The tax situation has improved somewhat since May 1998, when the government finally granted the film industry the status of an actual “industry,” which means some alleviation of taxes, as well as smaller perks like reduced rates for electricity. However, taxes on films are still pretty high.

With all the tax, it’s a wonder that the industry survived at all, especially during the deep recession in the early 1970s, when the government imposed a 250 percent tariff on imported film stock.

  1. Flops. The success rate for Bollywood films is 15-20 percent a year. The vast majority of films are ‘flops’. The industry survives because there is always some rich sap ready to invest in another film (see #6 below).
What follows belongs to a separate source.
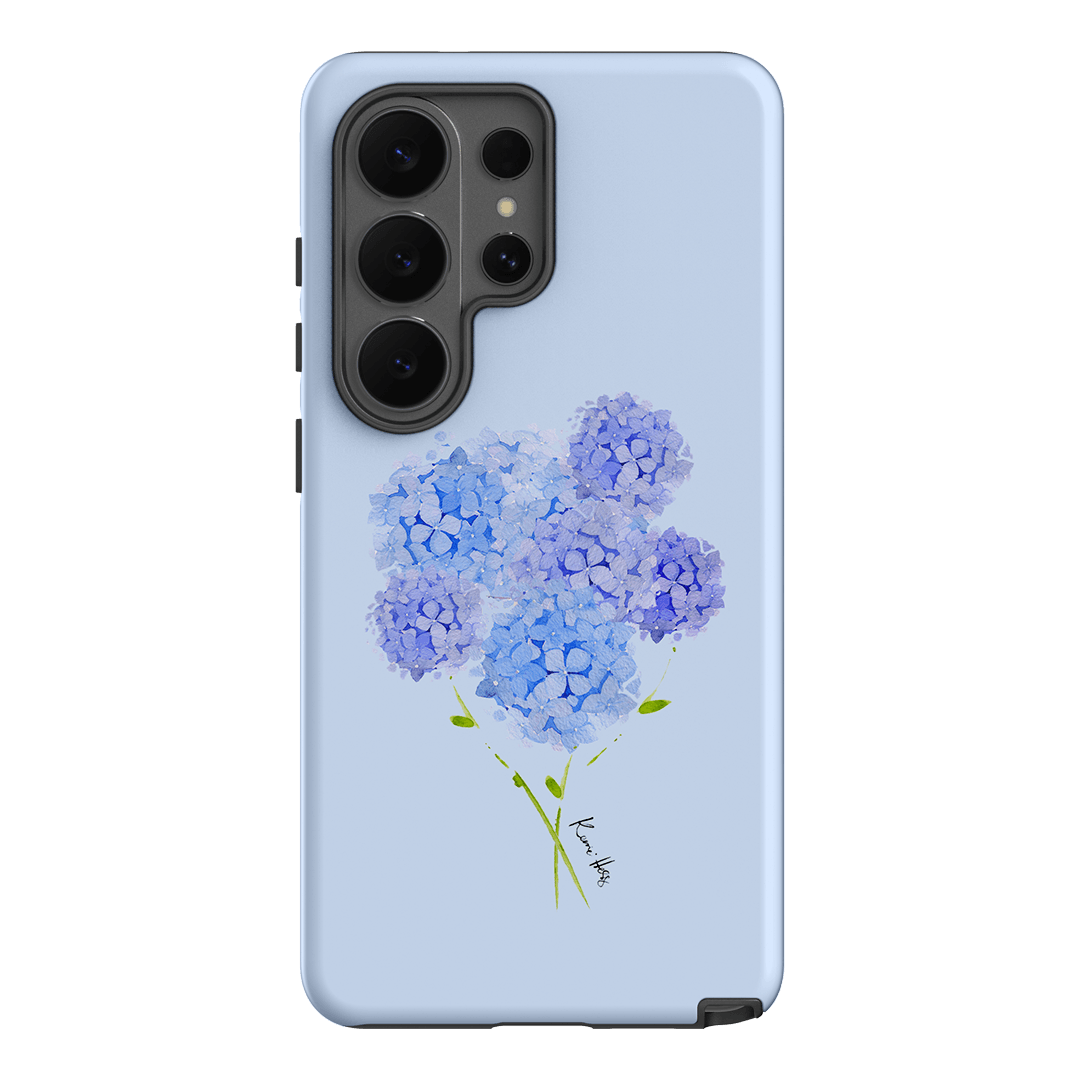 Pick Me Blue Printed Phone Cases Samsung Galaxy S26 Ultra / Armoured by Kerrie Hess - The Dairy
  2. Number of Prints. The number of prints made for even big films is no more than 500 or so, including prints to be sent abroad. Compare to Hollywood, which releases big films on 3000 or more screens at once in the U.S. alone. One has to keep in mind, of course, that normal (i.e., non-multiplex) movie theaters in India are much larger than in America. A big movie theater in India can seat up to 2500 people.

  3. Box Office totals. I’ve often wondered why we don’t get precise box office totals for Bollywood releases the way we do in Hollywood. According to Ganti, while theaters at the main urban centers give quite specific box office numbers, the smaller centers (which also sometimes get films a little later) don’t report their earnings accurately or consistently.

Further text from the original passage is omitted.